WHAT THIS TASK INVOLVES = Restate word for word the lines of the records below, starting at the line that contains "16826 Cabreo Drive Naples FL 34110" and ending at the line that contains "Regierungspraesidentin Silvia Steiner, Bundesrat", with both of those lines included and nothing else.

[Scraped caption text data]
--------------------

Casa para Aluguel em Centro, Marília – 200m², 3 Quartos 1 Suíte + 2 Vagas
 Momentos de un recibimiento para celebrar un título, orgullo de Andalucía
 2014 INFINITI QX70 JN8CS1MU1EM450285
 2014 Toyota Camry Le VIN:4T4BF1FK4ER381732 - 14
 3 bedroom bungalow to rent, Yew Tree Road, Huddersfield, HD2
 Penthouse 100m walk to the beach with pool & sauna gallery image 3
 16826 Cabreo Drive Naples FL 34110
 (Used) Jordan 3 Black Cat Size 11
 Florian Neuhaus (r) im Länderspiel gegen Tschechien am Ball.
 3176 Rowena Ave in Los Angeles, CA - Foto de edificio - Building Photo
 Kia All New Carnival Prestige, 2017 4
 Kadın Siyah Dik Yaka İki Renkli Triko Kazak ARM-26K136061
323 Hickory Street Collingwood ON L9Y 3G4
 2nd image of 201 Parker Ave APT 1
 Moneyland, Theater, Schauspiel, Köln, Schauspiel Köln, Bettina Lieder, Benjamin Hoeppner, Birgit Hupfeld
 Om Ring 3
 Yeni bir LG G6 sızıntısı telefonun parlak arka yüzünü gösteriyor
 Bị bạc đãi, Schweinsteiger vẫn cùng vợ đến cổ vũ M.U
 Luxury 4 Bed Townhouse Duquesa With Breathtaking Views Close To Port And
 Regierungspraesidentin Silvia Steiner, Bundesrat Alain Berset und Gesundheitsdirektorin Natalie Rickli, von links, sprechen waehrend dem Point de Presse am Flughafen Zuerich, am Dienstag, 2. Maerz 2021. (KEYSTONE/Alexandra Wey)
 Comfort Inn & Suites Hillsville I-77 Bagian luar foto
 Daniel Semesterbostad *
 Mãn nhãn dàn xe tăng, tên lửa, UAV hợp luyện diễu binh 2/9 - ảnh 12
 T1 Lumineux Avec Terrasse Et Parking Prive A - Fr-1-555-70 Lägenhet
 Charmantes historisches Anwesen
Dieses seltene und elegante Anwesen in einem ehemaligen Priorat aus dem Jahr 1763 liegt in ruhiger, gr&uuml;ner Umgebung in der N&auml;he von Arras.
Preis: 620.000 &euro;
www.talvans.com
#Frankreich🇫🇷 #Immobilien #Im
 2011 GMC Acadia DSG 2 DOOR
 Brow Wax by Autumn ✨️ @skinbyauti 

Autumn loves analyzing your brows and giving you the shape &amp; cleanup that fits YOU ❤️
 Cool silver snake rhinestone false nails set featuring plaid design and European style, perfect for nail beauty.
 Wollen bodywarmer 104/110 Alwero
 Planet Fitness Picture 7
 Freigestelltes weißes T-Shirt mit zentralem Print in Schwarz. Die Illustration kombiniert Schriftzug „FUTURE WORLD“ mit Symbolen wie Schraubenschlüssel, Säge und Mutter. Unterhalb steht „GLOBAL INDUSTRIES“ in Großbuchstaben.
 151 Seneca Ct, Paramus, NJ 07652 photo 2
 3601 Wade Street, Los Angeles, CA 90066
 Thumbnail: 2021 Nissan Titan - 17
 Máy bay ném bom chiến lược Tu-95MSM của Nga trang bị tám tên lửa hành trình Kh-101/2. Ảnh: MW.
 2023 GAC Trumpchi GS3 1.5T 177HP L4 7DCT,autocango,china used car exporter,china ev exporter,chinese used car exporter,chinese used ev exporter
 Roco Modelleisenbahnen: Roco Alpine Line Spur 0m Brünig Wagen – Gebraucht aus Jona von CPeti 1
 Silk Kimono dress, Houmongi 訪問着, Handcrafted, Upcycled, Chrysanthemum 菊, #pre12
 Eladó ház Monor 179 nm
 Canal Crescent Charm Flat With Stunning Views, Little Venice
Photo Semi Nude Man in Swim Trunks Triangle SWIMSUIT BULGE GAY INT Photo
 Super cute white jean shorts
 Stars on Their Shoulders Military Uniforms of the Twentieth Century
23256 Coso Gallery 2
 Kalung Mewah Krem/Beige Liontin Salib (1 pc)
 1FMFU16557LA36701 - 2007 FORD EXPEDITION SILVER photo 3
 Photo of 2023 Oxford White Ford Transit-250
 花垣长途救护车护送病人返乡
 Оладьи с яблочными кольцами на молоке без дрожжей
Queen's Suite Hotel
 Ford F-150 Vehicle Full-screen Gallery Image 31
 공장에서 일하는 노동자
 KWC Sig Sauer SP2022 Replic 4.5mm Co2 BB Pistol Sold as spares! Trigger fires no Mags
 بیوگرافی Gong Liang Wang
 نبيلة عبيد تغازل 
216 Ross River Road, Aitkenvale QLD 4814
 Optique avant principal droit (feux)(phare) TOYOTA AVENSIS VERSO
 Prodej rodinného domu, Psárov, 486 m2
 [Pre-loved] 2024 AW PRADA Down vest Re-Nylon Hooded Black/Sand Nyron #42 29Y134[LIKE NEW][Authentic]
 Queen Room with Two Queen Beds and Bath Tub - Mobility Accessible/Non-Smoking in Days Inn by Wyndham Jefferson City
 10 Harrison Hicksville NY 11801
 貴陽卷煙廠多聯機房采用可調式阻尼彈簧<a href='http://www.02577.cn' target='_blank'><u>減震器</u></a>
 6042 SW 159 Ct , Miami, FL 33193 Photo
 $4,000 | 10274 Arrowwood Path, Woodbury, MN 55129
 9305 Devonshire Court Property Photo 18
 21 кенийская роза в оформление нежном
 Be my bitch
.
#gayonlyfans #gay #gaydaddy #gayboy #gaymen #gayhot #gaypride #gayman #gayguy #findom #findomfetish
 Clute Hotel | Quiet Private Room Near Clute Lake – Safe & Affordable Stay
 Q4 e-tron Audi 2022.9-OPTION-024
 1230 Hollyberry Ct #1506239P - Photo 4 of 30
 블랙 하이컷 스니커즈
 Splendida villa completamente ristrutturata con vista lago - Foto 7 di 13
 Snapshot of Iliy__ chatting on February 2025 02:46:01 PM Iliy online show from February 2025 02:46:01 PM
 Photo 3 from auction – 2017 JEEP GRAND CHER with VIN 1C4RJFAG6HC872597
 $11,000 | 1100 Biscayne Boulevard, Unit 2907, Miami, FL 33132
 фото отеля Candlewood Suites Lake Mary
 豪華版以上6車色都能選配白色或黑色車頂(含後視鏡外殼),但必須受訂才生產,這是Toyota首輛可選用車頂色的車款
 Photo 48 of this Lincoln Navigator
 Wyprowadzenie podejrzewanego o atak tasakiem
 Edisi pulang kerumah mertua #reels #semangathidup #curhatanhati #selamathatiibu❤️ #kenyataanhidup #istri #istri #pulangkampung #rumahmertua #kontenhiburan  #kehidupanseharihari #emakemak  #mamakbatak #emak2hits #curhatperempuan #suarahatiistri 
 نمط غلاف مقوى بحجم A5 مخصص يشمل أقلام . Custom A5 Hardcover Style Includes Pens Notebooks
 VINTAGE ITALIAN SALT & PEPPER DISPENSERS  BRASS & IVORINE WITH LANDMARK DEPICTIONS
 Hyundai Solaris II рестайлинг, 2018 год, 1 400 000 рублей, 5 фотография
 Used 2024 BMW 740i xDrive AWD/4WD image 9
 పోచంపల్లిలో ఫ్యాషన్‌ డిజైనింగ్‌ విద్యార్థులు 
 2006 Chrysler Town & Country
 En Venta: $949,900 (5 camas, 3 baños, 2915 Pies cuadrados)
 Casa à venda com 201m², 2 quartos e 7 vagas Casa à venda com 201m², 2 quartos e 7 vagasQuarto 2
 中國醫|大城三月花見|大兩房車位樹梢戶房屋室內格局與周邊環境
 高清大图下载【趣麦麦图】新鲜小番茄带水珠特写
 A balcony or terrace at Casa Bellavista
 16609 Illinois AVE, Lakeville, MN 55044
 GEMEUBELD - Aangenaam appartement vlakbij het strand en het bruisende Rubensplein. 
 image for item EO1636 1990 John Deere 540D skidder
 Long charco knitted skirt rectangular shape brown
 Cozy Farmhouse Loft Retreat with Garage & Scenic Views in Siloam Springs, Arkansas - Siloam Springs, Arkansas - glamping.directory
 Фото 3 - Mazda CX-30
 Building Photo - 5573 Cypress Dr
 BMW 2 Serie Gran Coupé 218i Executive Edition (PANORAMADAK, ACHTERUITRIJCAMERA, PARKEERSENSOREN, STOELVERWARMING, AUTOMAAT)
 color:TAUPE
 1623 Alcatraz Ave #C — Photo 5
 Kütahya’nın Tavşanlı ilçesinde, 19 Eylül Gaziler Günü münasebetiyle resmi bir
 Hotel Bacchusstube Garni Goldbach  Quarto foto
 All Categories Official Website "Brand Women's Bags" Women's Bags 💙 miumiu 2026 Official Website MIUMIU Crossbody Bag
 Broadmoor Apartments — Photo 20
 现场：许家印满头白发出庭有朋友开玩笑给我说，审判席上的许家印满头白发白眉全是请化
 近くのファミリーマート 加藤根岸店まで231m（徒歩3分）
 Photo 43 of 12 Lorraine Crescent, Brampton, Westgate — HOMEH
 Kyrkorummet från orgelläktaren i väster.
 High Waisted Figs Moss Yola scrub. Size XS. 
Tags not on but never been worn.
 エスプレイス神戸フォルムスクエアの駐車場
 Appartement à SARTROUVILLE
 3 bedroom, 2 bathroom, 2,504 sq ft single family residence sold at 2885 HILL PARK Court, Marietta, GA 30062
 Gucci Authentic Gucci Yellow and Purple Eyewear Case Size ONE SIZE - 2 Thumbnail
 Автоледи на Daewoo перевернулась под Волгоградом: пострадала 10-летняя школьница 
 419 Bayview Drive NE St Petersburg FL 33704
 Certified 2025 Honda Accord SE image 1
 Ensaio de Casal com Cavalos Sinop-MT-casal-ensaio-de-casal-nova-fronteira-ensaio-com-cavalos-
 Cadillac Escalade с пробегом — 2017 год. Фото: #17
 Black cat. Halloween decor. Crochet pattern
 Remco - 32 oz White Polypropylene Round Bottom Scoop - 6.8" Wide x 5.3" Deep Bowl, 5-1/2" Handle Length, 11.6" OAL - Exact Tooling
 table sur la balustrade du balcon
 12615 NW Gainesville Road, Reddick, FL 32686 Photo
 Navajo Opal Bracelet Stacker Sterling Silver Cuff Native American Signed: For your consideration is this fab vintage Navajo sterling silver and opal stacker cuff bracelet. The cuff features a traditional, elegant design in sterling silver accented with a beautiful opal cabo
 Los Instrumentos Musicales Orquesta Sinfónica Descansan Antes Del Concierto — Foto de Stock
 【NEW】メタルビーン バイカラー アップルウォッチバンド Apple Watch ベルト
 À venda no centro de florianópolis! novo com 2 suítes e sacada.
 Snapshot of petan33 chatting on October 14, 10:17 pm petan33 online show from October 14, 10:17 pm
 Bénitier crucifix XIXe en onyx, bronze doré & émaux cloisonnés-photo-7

--------------------

WRITTEN RESPONSE =
 16826 Cabreo Drive Naples FL 34110
 (Used) Jordan 3 Black Cat Size 11
 Florian Neuhaus (r) im Länderspiel gegen Tschechien am Ball.
 3176 Rowena Ave in Los Angeles, CA - Foto de edificio - Building Photo
 Kia All New Carnival Prestige, 2017 4
 Kadın Siyah Dik Yaka İki Renkli Triko Kazak ARM-26K136061
323 Hickory Street Collingwood ON L9Y 3G4
 2nd image of 201 Parker Ave APT 1
 Moneyland, Theater, Schauspiel, Köln, Schauspiel Köln, Bettina Lieder, Benjamin Hoeppner, Birgit Hupfeld
 Om Ring 3
 Yeni bir LG G6 sızıntısı telefonun parlak arka yüzünü gösteriyor
 Bị bạc đãi, Schweinsteiger vẫn cùng vợ đến cổ vũ M.U
 Luxury 4 Bed Townhouse Duquesa With Breathtaking Views Close To Port And
 Regierungspraesidentin Silvia Steiner, Bundesrat Alain Berset und Gesundheitsdirektorin Natalie Rickli, von links, sprechen waehrend dem Point de Presse am Flughafen Zuerich, am Dienstag, 2. Maerz 2021. (KEYSTONE/Alexandra Wey)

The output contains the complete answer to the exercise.